◆ Exercise description
Your reply should consist only of the lines from the one with "マールマール/MARLMARLの【BABY】collon カバーオール(pink blocks/10102617)" through the end of the entries, transcribed exactly. Pictures stay out.

── Materials provided ──

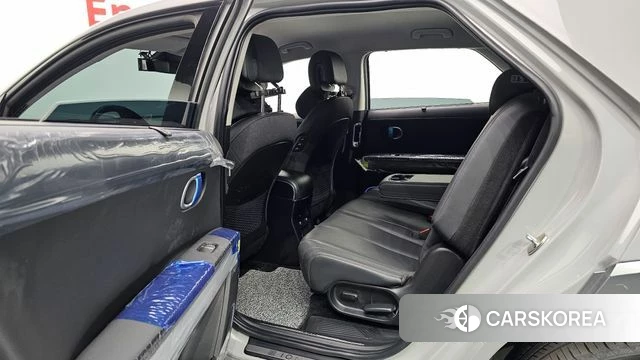 Hyundai Ionic 5 2022 Серебристо-серый из Кореи, фото 4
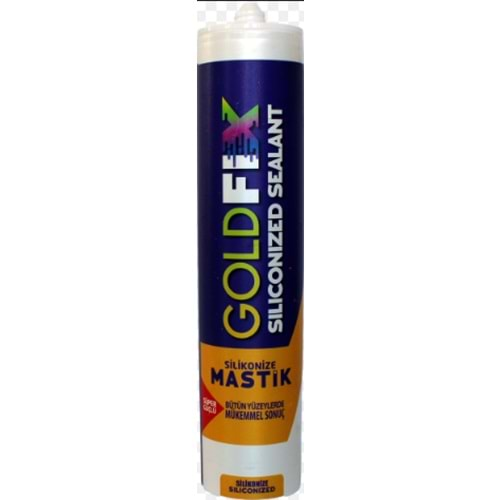 GOLDFİX SİLİKONİZE MASTİK 4352 *30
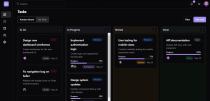 Zenith – Modern Project Dashboard HTML Screenshot 2
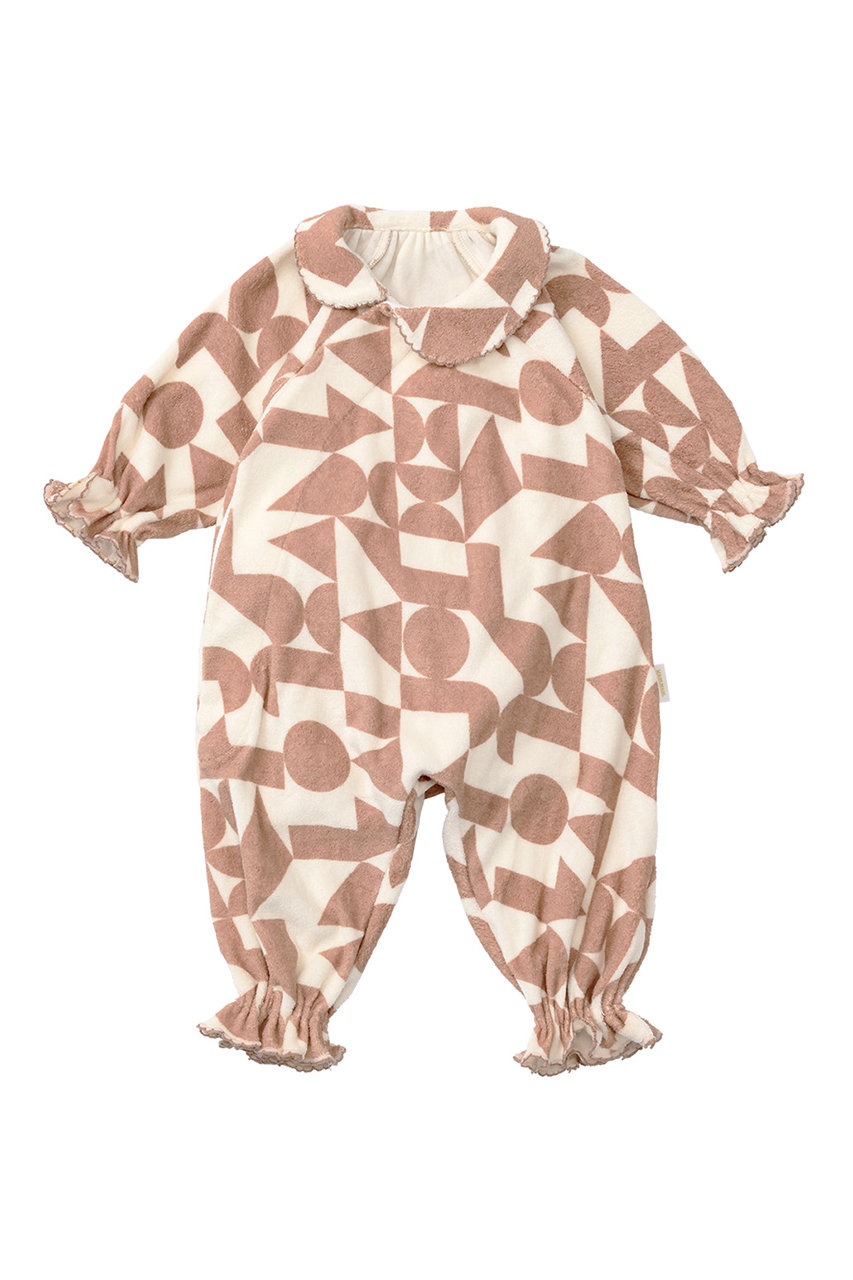 マールマール/MARLMARLの【BABY】collon カバーオール(pink blocks/10102617)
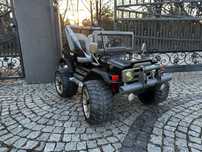 Peg Perego Gaucho XP 24V auto jeep pojazd elektryczny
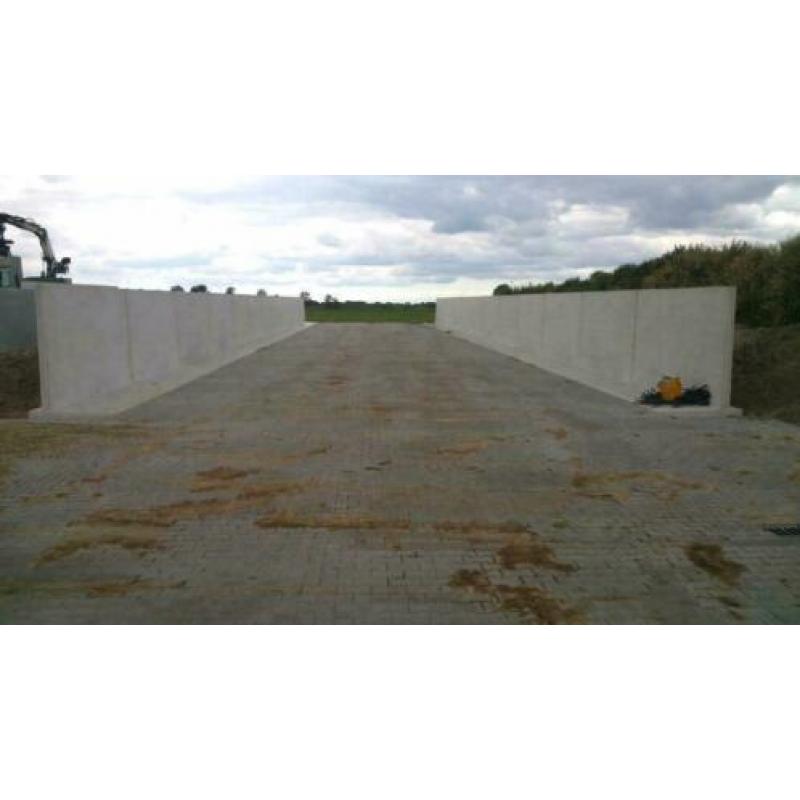 Silowanden / Silowand snelle levering OP=OP Actie!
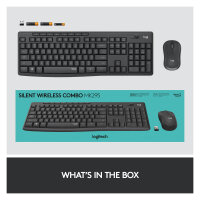 MK295 Silent Wireless Combo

───

◆ Exercise result
 マールマール/MARLMARLの【BABY】collon カバーオール(pink blocks/10102617)
 Peg Perego Gaucho XP 24V auto jeep pojazd elektryczny
 Silowanden / Silowand snelle levering OP=OP Actie!
 MK295 Silent Wireless Combo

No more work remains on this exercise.